WORK TASK: Every entry below should be printed exactly, without its images.

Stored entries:
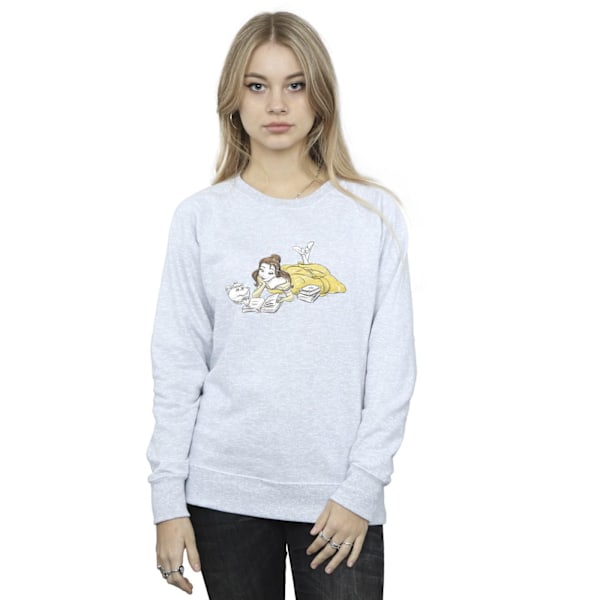 Disney Dam/Kvinnor Skönheten och Odjuret Belle Läsning Sweatshirt L Sports Grey Sports Grey L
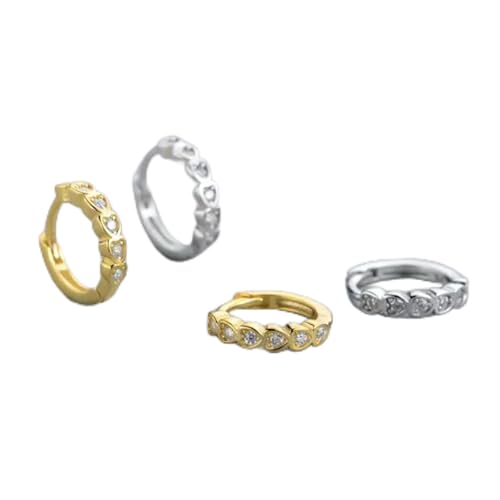 Boucles d'oreilles créoles argent 925 cœur cristal piercing oreille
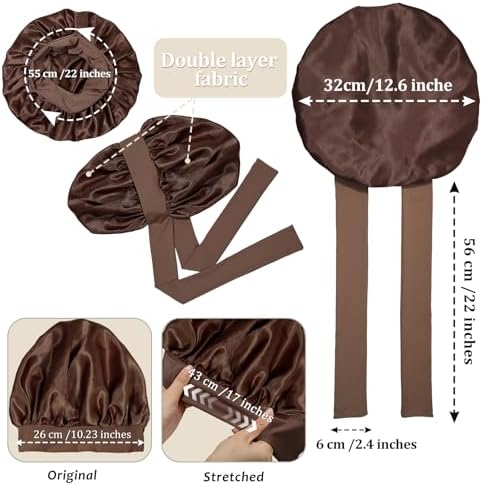 AWAYTR Satin Bonnet for Women, 2-Layer Large Sleep Cap with Adjustable Drawstring, Brown Includes 3 Hair Scrunchies - Image 2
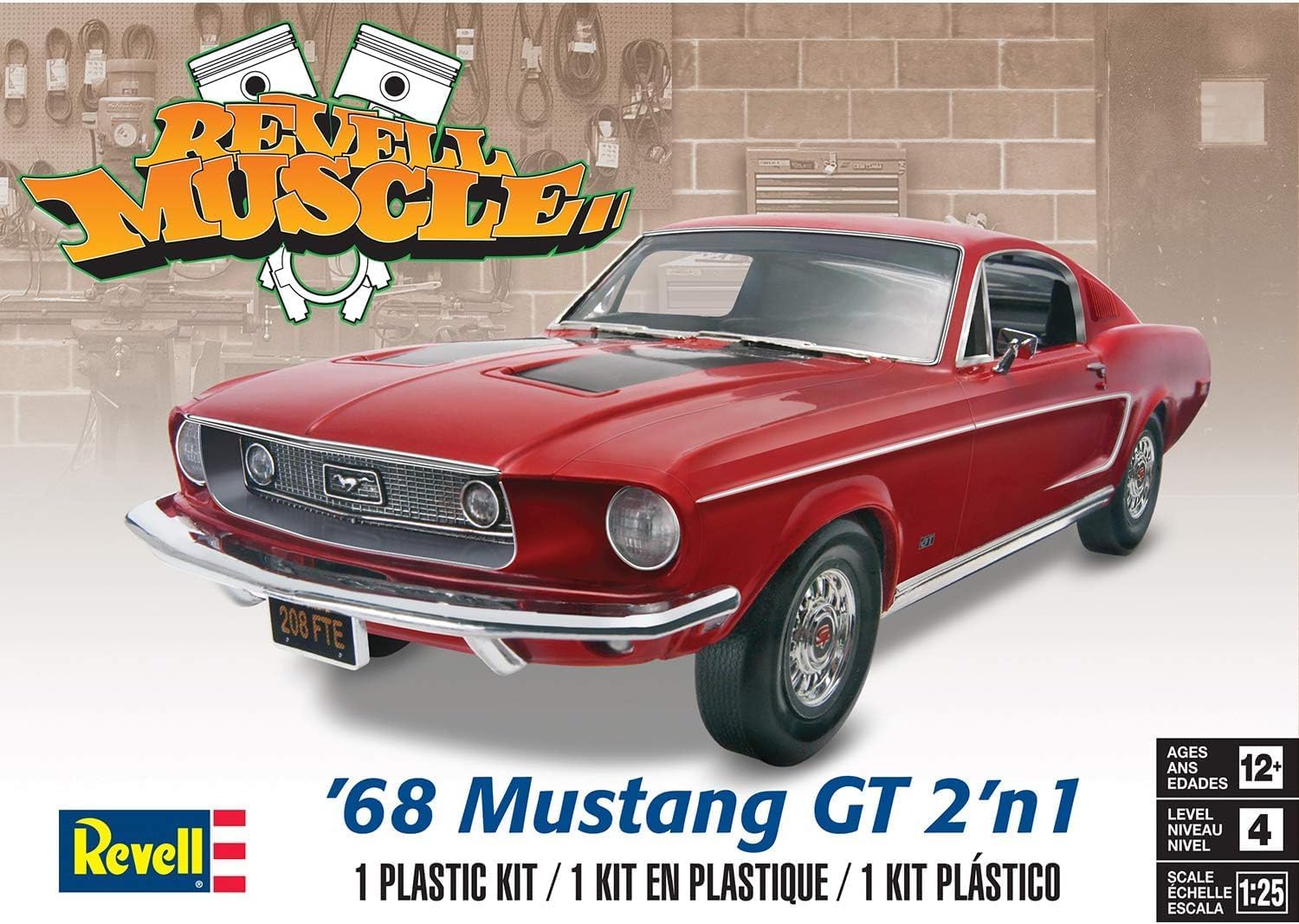 Revell 85-4215 1968 Ford Mustang GT 2'N1 1:24 Scale 118-Piece Skill Level 4 Model Car Building Kit
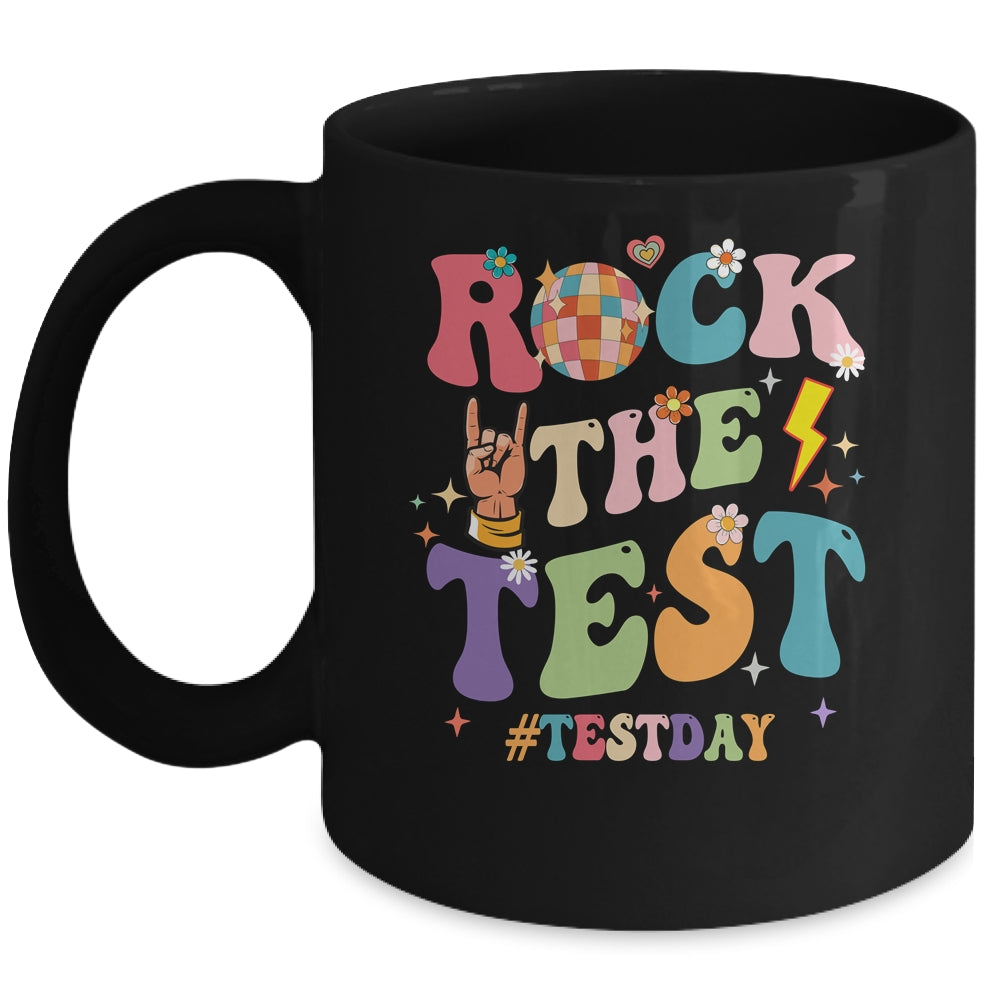 Rock The Test Testing Day Retro Motivational Teacher Student Mug | teecentury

SOLUTION TO THE PROBLEM:
 Disney Dam/Kvinnor Skönheten och Odjuret Belle Läsning Sweatshirt L Sports Grey Sports Grey L
 Boucles d'oreilles créoles argent 925 cœur cristal piercing oreille
 AWAYTR Satin Bonnet for Women, 2-Layer Large Sleep Cap with Adjustable Drawstring, Brown Includes 3 Hair Scrunchies - Image 2
 Revell 85-4215 1968 Ford Mustang GT 2'N1 1:24 Scale 118-Piece Skill Level 4 Model Car Building Kit
 Rock The Test Testing Day Retro Motivational Teacher Student Mug | teecentury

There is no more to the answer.